在本教程中, 我们将介绍如何使用 ONNX 将 PyTorch 中定义的模型转换为 ONNX 格式, 然后将其加载到 Caffe2 中. 一旦进入 Caffe2 , 我们可以运行该模型以仔细检查它是否正确导出, 然后演示如何使用 Caffe2 功能(例如移动导出器）在移动设备上执行模型.

在本教程中, 您需要安装 onnx, onnx-caffe2 和 Caffe2. 你可以通过 conda install -c ezyang onnx onnx-caffe2 用 onnx 和 onnx-caffe2 获得二进制版本.

NOTE: 本教程需要 PyTorch 主分支, 可以按照 here 的说明进行安装

# Some standard imports
import io
import numpy as np

from torch import nn
from torch.autograd import Variable
import torch.utils.model_zoo as model_zoo
import torch.onnx

Super-resolution 是提高图像, 视频分辨率的一种方式, 广泛用于图像处理或视频编辑. 对于本教程, 我们将首先使用带有虚拟输入的小型 super-resolution 模型.

首先, 让我们在 PyTorch 中创建一个 SuperResolution 模型. 这个模型直接来自 PyTorch 的例子而没有修改:

# Super Resolution model definition in PyTorch
import torch.nn as nn
import torch.nn.init as init

class SuperResolutionNet(nn.Module):
    def __init__(self, upscale_factor, inplace=False):
        super(SuperResolutionNet, self).__init__()

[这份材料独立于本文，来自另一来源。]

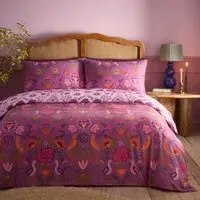 Broderie Single Floral Reversible Duvet Set - Purple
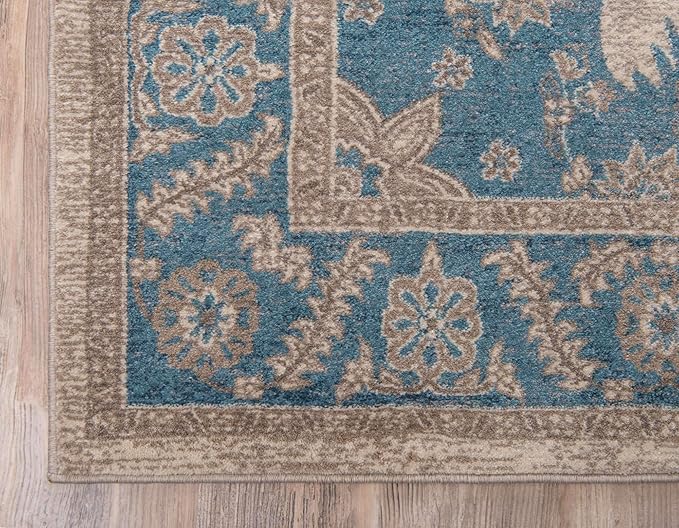 Unique Loom Salzburg Collection Classic Traditional Design Oriental Inspired Border Area Rug (3' 3 x 5' 3 Rectangular, Beige/Blue)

        self.relu = nn.ReLU(inplace=inplace)
        self.conv1 = nn.Conv2d(1, 64, (5, 5), (1, 1), (2, 2))
        self.conv2 = nn.Conv2d(64, 64, (3, 3), (1, 1), (1, 1))
        self.conv3 = nn.Conv2d(64, 32, (3, 3), (1, 1), (1, 1))
        self.conv4 = nn.Conv2d(32, upscale_factor ** 2, (3, 3), (1, 1), (1, 1))
        self.pixel_shuffle = nn.PixelShuffle(upscale_factor)

        self._initialize_weights()

    def forward(self, x):
        x = self.relu(self.conv1(x))
        x = self.relu(self.conv2(x))
        x = self.relu(self.conv3(x))
        x = self.pixel_shuffle(self.conv4(x))
        return x

    def _initialize_weights(self):
        init.orthogonal(self.conv1.weight, init.calculate_gain('relu'))
        init.orthogonal(self.conv2.weight, init.calculate_gain('relu'))
        init.orthogonal(self.conv3.weight, init.calculate_gain('relu'))
        init.orthogonal(self.conv4.weight)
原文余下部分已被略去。